Given the popularity of the style (even to this day), there are hundreds of interesting variants from dozens of companies. Though these companies all, for the most part, ceased production due to the ravages of the Quartz crisis, their watches remain. They all have a story to tell, a unique take on a tried and true theme.
Among these, vintage chronographs are some of the most attractive; even when relegated to desk duty, there's just something so right about a vintage chronograph on your wrist.
Nivada (or Nivada Grenchen, or Croton in the States) should be a familiar name to vintage watch collectors. Founded in Grenchen, Switzerland in the 1920s by Jacob Schneider, Nivada was one of the first brands to manufacture automatic watches. Nivada embraced other innovations as well, producing waterproof and “rustless” watches that would stand up to the rigors of the outdoors.
They faced their ultimate test in the mid-1950s, when watches made by Nivada went to the South Pole in Operation Deep Freeze. During this operation, led by Admiral Richard Byrd of the U.S. Navy, Americans first set foot on the South Pole. Members of Byrd’s crew wore Nivada Grenchen Antarctics, which cemented the brand’s reputation as a producer of watches for men of action and adventure.
The watches that the brand produced throughout the 1960s did well to uphold Nivada’s reputation, like this watch: the Chronomaster Aviator Sea Diver.

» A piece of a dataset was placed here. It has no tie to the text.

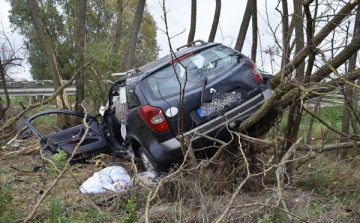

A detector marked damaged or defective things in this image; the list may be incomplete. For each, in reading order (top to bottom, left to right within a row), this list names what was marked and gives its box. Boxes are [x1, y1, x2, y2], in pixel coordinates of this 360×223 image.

crashed black car [26, 40, 272, 172]
shattered windshield [143, 44, 239, 98]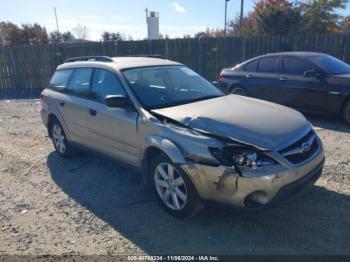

The name says it all, really. This was an age of action and exploration, when no region of the world was left untouched. Jet travel made it possible to fly from Paris to New York in one day, and the popularity of SCUBA diving meant that more and more people were delving into the deepest recesses of the ocean.
Watch brands began rolling out specialized watches to suit every need, from driving, to flying, to diving, and everything in between.
Nivada followed suit in 1963 with the introduction of the Chronomaster Aviator Sea Diver in 1963. Throughout its fifteen-year run, the Chronomaster would come in many different iterations. This is one of the earliest, with the trademark broad arrow hands (reminiscent of early Omega Speedmasters) that it would carry until a redesign in the 1970s.
While these watches are by no means scarce, one in this condition—and with a box—is rare indeed. The bevels on the lugs are as sharp as they must have been when this watch first rolled off the assembly line. The hour markers and hands do show signs of age, having mellowed to a handsome even patina, and the case back likewise shows signs of light use.
But what we have here is a versatile timepiece, at home in any environment you wish to wear it—on land, in the air, or at sea.
Stainless steel case is approximately 38mm (excluding crown and pushers). Venus 210 Movement.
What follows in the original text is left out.